太平洋クロマグロの漁業規制案、韓国が今年も受け入れ拒否 ――第6回WCPFC北小委員会閉幕
RELEASE OCEAN 2010.09.10

太平洋クロマグロの漁業規制案、韓国が今年も受け入れ拒否 ――第6回WCPFC北小委員会閉幕

【2010年9月10日 福岡】
7日から福岡で開催されていた第6回WCPFC(中西部太平洋まぐろ類委員会)北小委員会が先ほど閉幕し、資源状態が悪化する太平洋クロマグロにおける新たな漁業規制案が加盟国間で合意された。ただし、韓国は昨年に引き続き規制案を受け入れず留保を表明。これを受けてグリーンピースは韓国政府代表に対し、WCPFC年次会合が開催される12月までに留保を解除するよう求めた。

今回合意された規制案は、2011-2012年において沿岸の零細漁業(ひき縄など)を除き、太平洋クロマグロの漁獲努力量を2002-2004年の水準以下で維持するという内容。太平洋クロマグロにおける最大の漁獲国である日本の政府は、会議初日からこの漁業規制案の可決に向け加盟国を先導したが、WCPFC加盟国の中で2番目に漁獲量の多い韓国の政府は、この案の受け入れを拒否。規制案はこれから本委員会に提案され、12月に開催されるWCPFC年次会合で採択される見通しだが、それまでに韓国が留保を解除しなければ、昨年に引き続き2011-2012年も、韓国のEEZ(排他的経済水域)には太平洋クロマグロの漁業規制が適用されないことになる。
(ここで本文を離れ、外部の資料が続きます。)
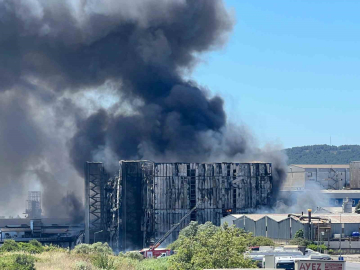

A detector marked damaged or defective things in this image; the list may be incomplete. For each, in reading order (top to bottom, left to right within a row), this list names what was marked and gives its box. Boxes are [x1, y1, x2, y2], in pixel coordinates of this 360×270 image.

グリーンピースは現在、国内の大手スーパーや飲食店チェーンに対して、過剰に獲られた魚介類の販売を控え、商品の環境負荷に関する情報を消費者に公開し、持続可能性を確保した商品の提供を求める活動を展開している。この会議に出席していたグリーンピース・ジャパン海洋生態系問題担当の花岡和佳男は、「韓国が漁獲する太平洋クロマグロの9割は日本で消費されているが、資源状態の悪化が指摘される魚種の漁業管理を拒否する国で生産されるクロマグロを購入・販売することは、生物多様性の保護にも、海の恵みを次の世代に残すことにも逆行する」とし、もし韓国政府が12月までに今回の漁業規制案への留保を解除しない場合、日本の大手スーパーや飲食店チェーンに対し、韓国で生産されるクロマグロを取り扱わないよう求めていく活動方針を明らかにした。

地域の一本釣り漁師や築地の仲卸などと話し合いを続け、生物多様性の保護と持続可能な漁業の実現に向けて取り組んでいるグリーンピースは、今年の10月に名古屋で開催されるCBD-COP10(生物多様性条約第10回締約国会議)を、マグロ類の保護と漁業の持続可能性の確保に向けた大きな機会とするよう加盟国政府に訴えかけている。限られた産卵海域に群れる産卵直前の親魚が巻き網によって一網打尽に巻き獲られることを問題視し、日本海にある太平洋クロマグロの産卵海域や地中海にある大西洋クロマグロの産卵海域を含む、海洋保護区のネットワークの構築を求めている。